(Material provided)

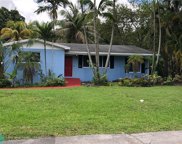3020 SW 19th St, Fort Lauderdale image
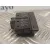 Interruptor para Ford Focus Turn.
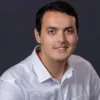Atman Aqachmar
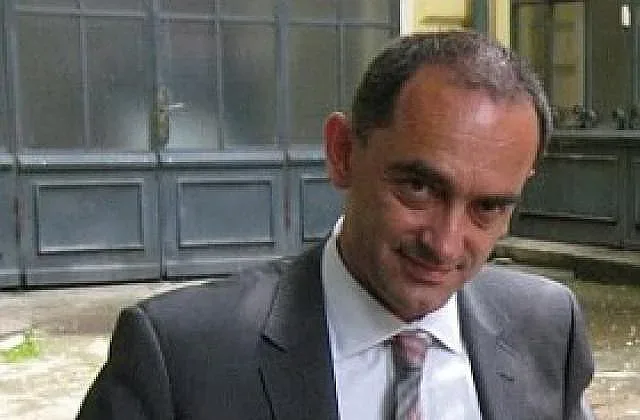 Русия скочи срещу Мартин Заимов: Цинизъм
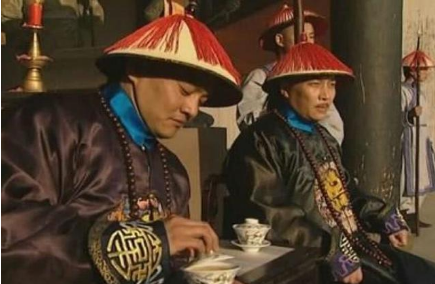 清朝最能生孩子的人 26年期间他一连生了29个子女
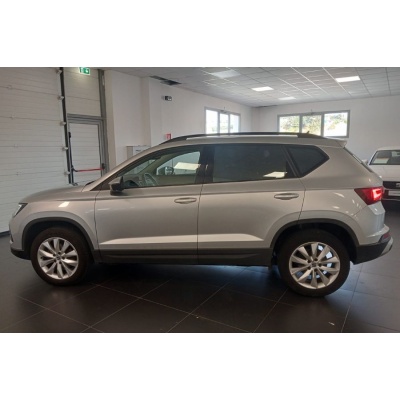 SEAT Ateca 2.0 TDI <br /> Business 115 CV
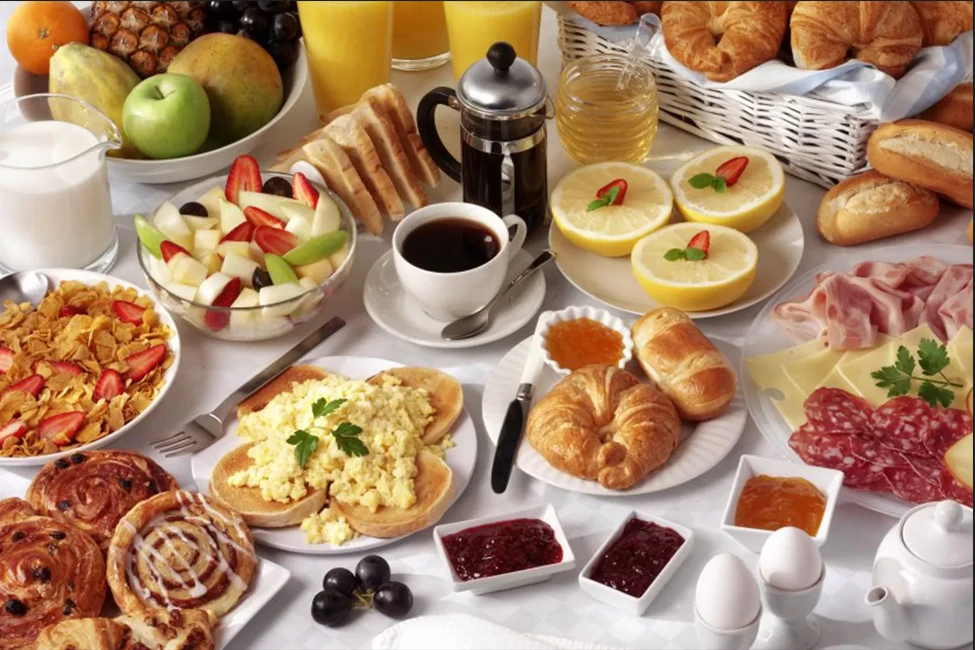 শীতে খাবার কেন দীর্ঘদিন টিকে থাকে?এর পেছনের কারন জেনে নিন!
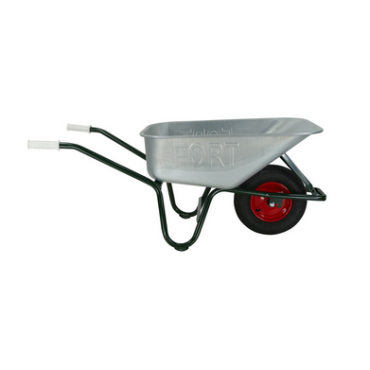 Kruiwagen 116B-90 st2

(End Material provided)

Task description: Your answer must be an exact copy of the listing, minus its pictures.

Exercise answer:
3020 SW 19th St, Fort Lauderdale image
 Interruptor para Ford Focus Turn.
Atman Aqachmar
 Русия скочи срещу Мартин Заимов: Цинизъм
 清朝最能生孩子的人 26年期间他一连生了29个子女
 SEAT Ateca 2.0 TDI <br /> Business 115 CV
 শীতে খাবার কেন দীর্ঘদিন টিকে থাকে?এর পেছনের কারন জেনে নিন!
 Kruiwagen 116B-90 st2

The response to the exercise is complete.